DATA FOR REVIEW:
• • • •
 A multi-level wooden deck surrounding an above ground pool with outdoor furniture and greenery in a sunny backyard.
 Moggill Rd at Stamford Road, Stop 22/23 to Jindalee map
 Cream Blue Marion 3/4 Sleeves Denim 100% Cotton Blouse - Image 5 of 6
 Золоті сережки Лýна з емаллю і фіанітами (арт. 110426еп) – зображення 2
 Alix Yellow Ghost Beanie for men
• • • •
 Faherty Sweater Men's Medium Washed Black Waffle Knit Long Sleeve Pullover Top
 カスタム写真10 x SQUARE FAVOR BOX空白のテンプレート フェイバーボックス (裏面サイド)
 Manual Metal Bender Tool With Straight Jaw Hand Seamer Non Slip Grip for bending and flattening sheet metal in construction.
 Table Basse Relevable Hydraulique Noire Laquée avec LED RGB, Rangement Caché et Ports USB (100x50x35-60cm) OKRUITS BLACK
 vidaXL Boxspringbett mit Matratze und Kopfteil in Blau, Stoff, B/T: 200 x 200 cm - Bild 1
• • • •
WORK REQUEST: Beginning with the line containing "Золоті сережки Лýна" and ending with the line containing "Alix Yellow Ghost Beanie for men", extract those lines exactly from the listing above, and only those.

EXPECTED ANSWER:
 Золоті сережки Лýна з емаллю і фіанітами (арт. 110426еп) – зображення 2
 Alix Yellow Ghost Beanie for men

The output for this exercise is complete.